In January of this year, Donald Trump sued the Internal Revenue Service and the United States Treasury Department. The amount he put in the complaint was ten billion dollars. Not nine. Not eleven. Ten billion, a number large enough that it requires a moment to sit with it before you move on.

The claim was the leak of his tax returns. Years ago, a former IRS contractor named Charles Littlejohn took Trump’s returns — along with returns belonging to other wealthy Americans — and passed them to journalists. Littlejohn pleaded guilty in October 2023 and was sentenced to five years in federal prison in January 2024. The crime was real. The prosecution happened. The man is serving time.

What followed from Trump was a civil suit asking the government — meaning the taxpayers — to pay him ten billion dollars for the embarrassment of having his finances reported on. His finances, which he had declined to release voluntarily through four years of his first term, a break from forty years of presidential tradition.

Now, in May 2026, the suit has been voluntarily dismissed. Reports describe a settlement in progress. The terms have not been disclosed. The government that is negotiating the settlement is the same government Trump runs. The Justice Department attorneys who would sit across the table from his lawyers work for him. The Treasury Department being sued is led by his appointee. The IRS being sued is led by his appointee — though that office has seen considerable turnover lately, which is a column of its own.

A president suing the agencies under his own executive authority is a structural oddity that most legal scholars would have trouble illustrating on a whiteboard.
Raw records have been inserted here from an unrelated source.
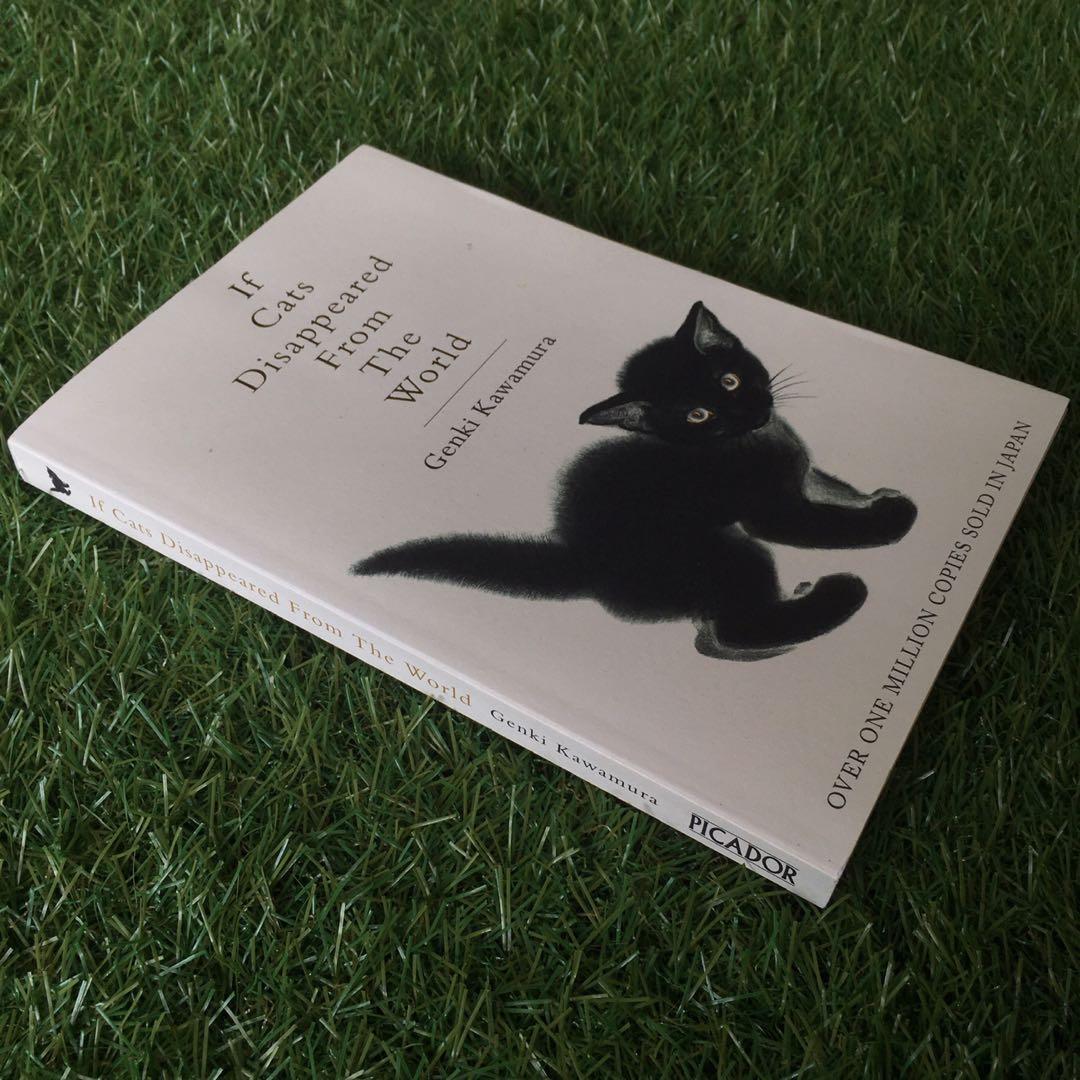 Preloved cats sales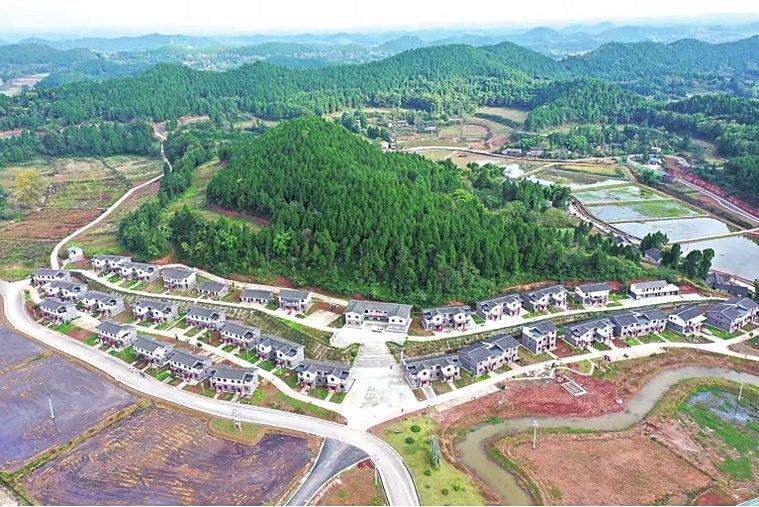 白鶴林村(四川省遂寧市蓬溪縣文井鎮下轄村) 白鶴林村(四川省遂寧市蓬溪縣文井鎮下轄村)
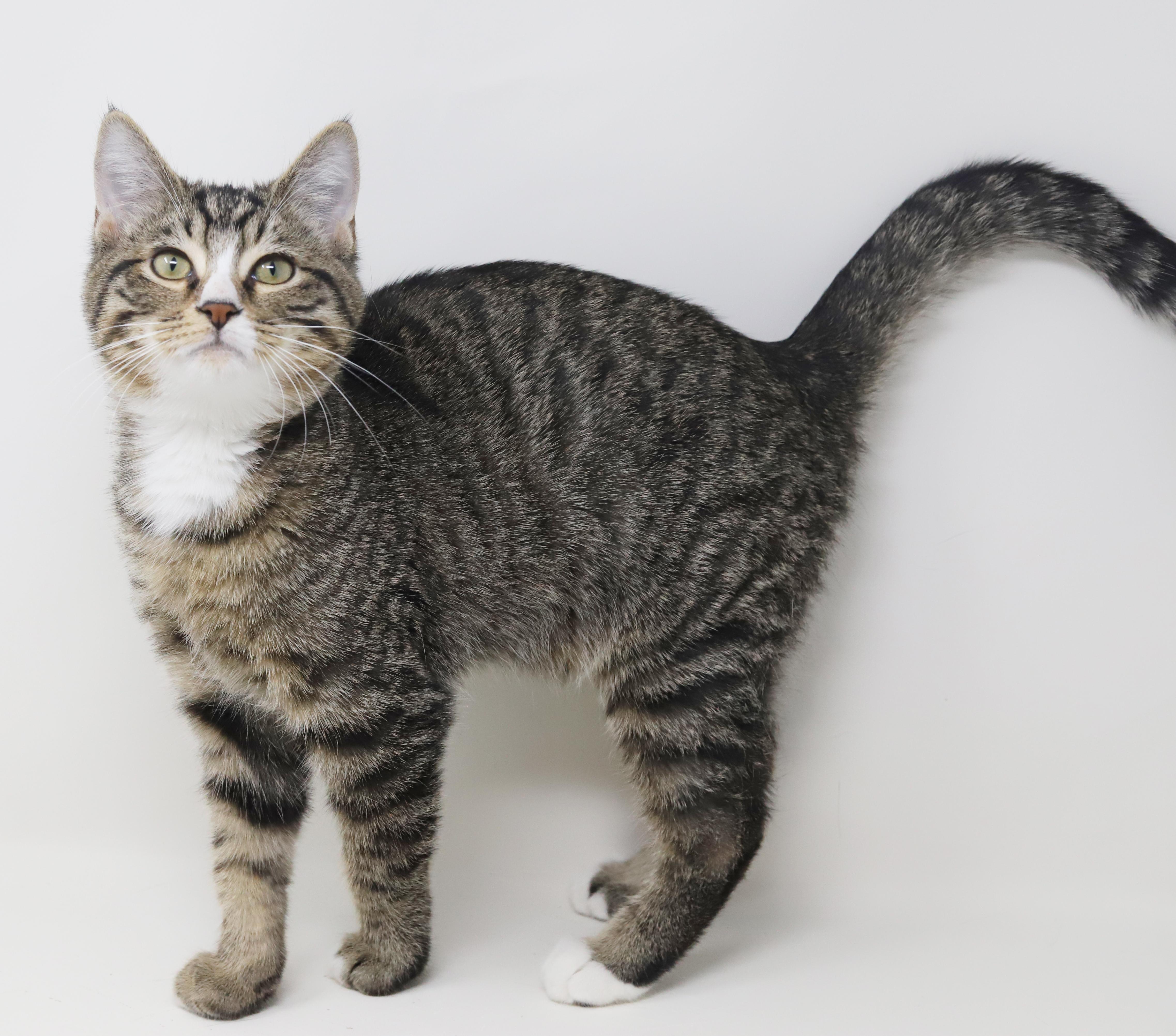 Enlarge Pucker up for kisses from Pucker!  He's a lover x 10000000!, a Adoptable mixed breed in Bedford Hills, NY image 2/6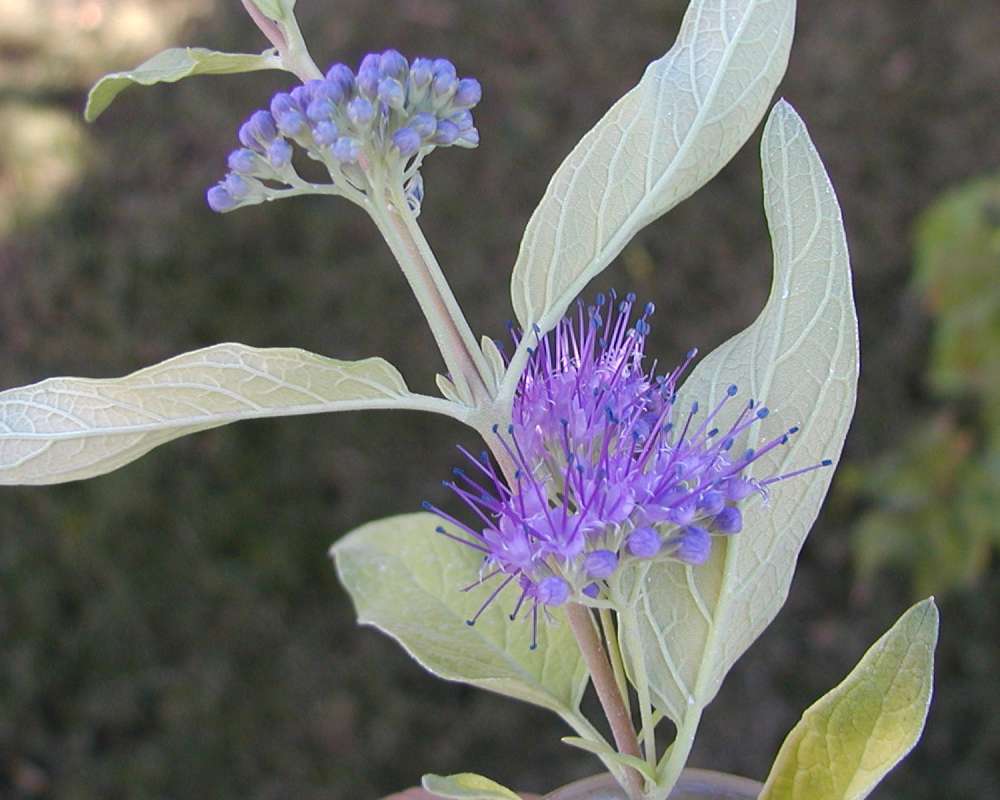 Leaves and Flowers<br>(Location of Picture: Garden, Okanogan, Wa, USA, 2007)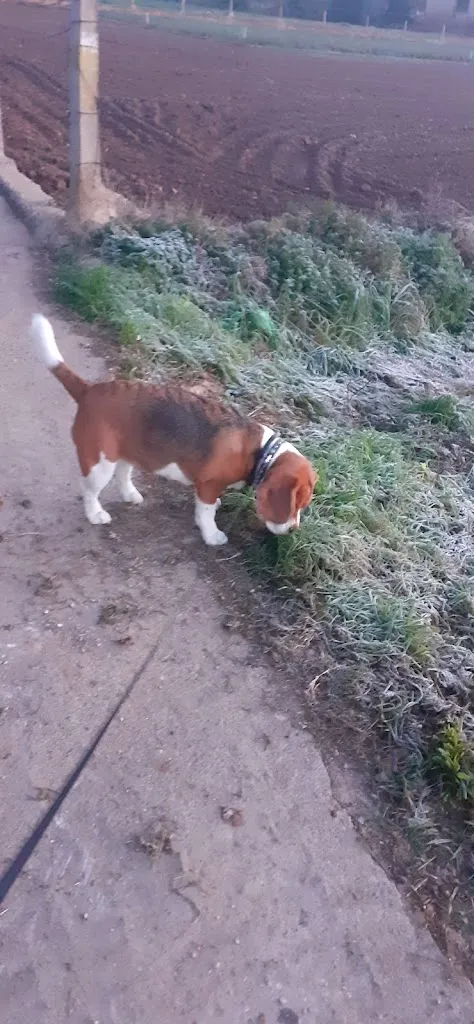 Edu DA_Restaurant braseria Cal Papi_Llorenç del Penedès_review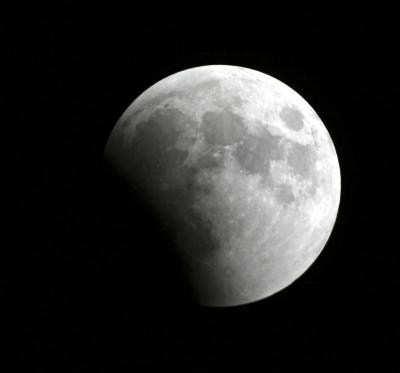 IMG_6238--------adjusted.jpg
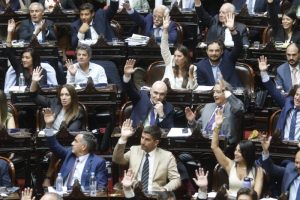 Lee más sobre el artículo Diputados aprobó la suspensión de las PASO para este año
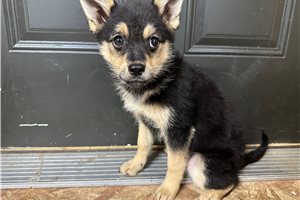 Carly - Mixed/Other for sale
The courts have not been asked to rule on it, because the case is being settled instead of litigated. Whatever is paid — if anything is paid — will come from the United States Treasury. The same Treasury the suit named as a defendant.

The leak was a genuine wrong. Littlejohn violated the law and the privacy of thousands of taxpayers, not only Trump. The sentence handed down was the stiffest ever given for that specific offense. Justice, by the conventional measure, was done.

Ten billion dollars is what Trump decided that wrong was worth, in a suit filed the same week he took office again, against agencies he controls, to be settled by lawyers he directs, from a treasury he oversees.

The lamp in the Justice Department is still burning. Someone is drafting the settlement figure. We don’t know what number they’re writing in that bottom corner, and we are not supposed to ask.